Athletic Director Jim Cole opened up on the snub this week. He believes the committee conspired to keep the Bears out in order to boost ratings and appease the big boys.
Cole has been in the selection room before. He knows what happens behind closed doors. He says the opinion of his team’s postseason outlook shifted dramatically in a matter of days.
Mercer baseball was snubbed.
Last 4 in. First 4 out. pic.twitter.com/UobZmowRvP
— 11Point7 College Baseball (@11point7) May 25, 2026
The Bears had the metrics to get into the field. In fact, many believed they’d do so rather easily.
Mercer ranked 28th in RPI after winning 44 games. The team ranked third in the nation in home runs. It won the SoCon regular season crown.
Unfortunately, it fell to The Citadel in the conference tournament. The Bulldogs swiped the automatic bid. Mercer was left to rely on an at-large invite.
It didn’t happen.

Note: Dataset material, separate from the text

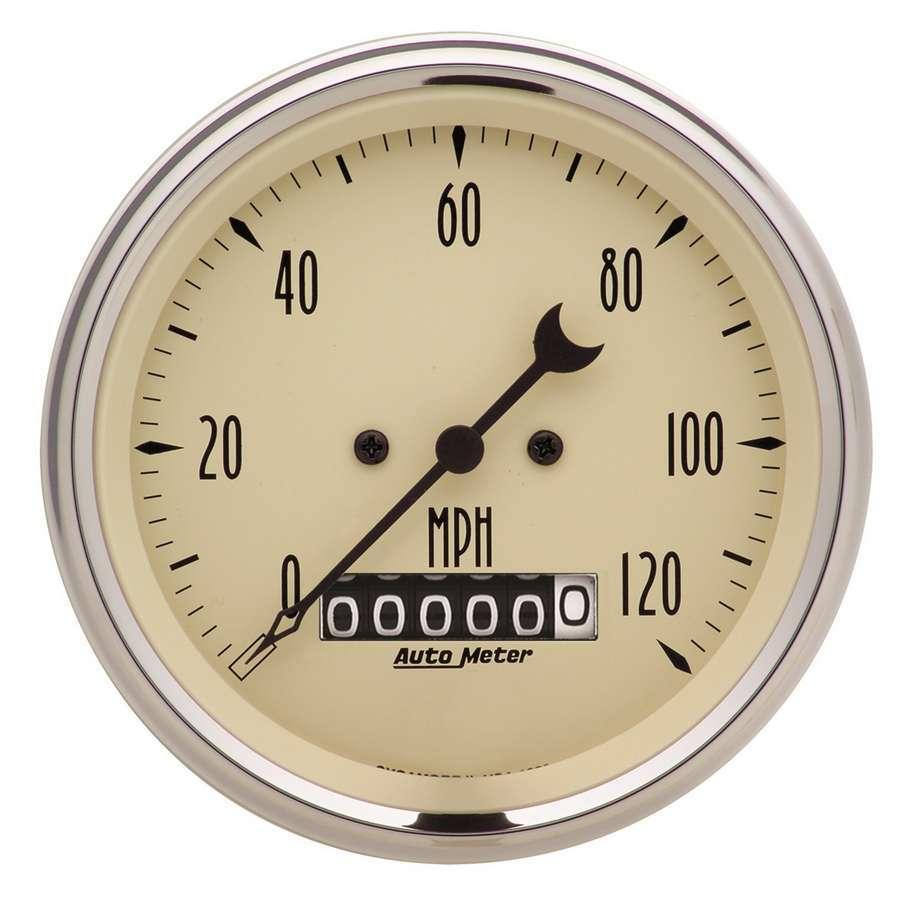 Gauge Speedo. 3 3/8in 12 0mph Elec. Prog. w/ Whee - Burlile Performance Products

Despite the respectable numbers, the Bears were omitted on selection Monday. Committee chair Michael Alford cited the strength of schedule, which ranked 118th.
Committee Michael Alford on why Mercer was left out. pic.twitter.com/M5AUEkpNfp
— 11Point7 College Baseball (@11point7) May 25, 2026
Mercer became the first program to ever be left out of the field after posting a winning conference record and Top 30 RPI. The snub was historic. Jim Cole believes it was calculated.
Why were the Bears left out?
Alford referenced strength of schedule. Cole, meanwhile, cited politics.
“I could feel the politics of big-school athletics all weekend. The messages from friends progressed from, ‘Mercer is good,’ to ‘I’ll put in a good word, but I’m only one vote,’ and, ultimately, to silence. To the committee: I have been in those rooms before, and I know what happened… This was Politics 101”
-Jim Cole
Cole says Mercer’s baseball snub was the result of a push to prioritize bigger schools. Those programs, like Kentucky and NC State, have stronger brands with national recognition, larger fanbases, and more money.
Fans will travel to purchase tickets. Those that don’t will watch on television.
That’s not to say Mercer’s fanbase wouldn’t do the same. Simply put, it’s a numbers game. Bigger schools will earn higher ratings, which will only benefit the NCAA.
The Bears did just about all they could for a mid-major team pushing to make an NCAA Tournament push. They still got left out.
Only eight mid-major programs landed at-large bids. Two of those went to recent PAC 12 members Washington State and Oregon State, who could be viewed as power schools. The other 27 invites went to the P4.
That means 83% of the teams the selection committee chose were, as Cole stated, big-time programs.
The opportunity for smaller schools is shrinking. That’s being seen across all major sports.
Is that a good or bad thing for college athletics? Mercer clearly views it as a negative.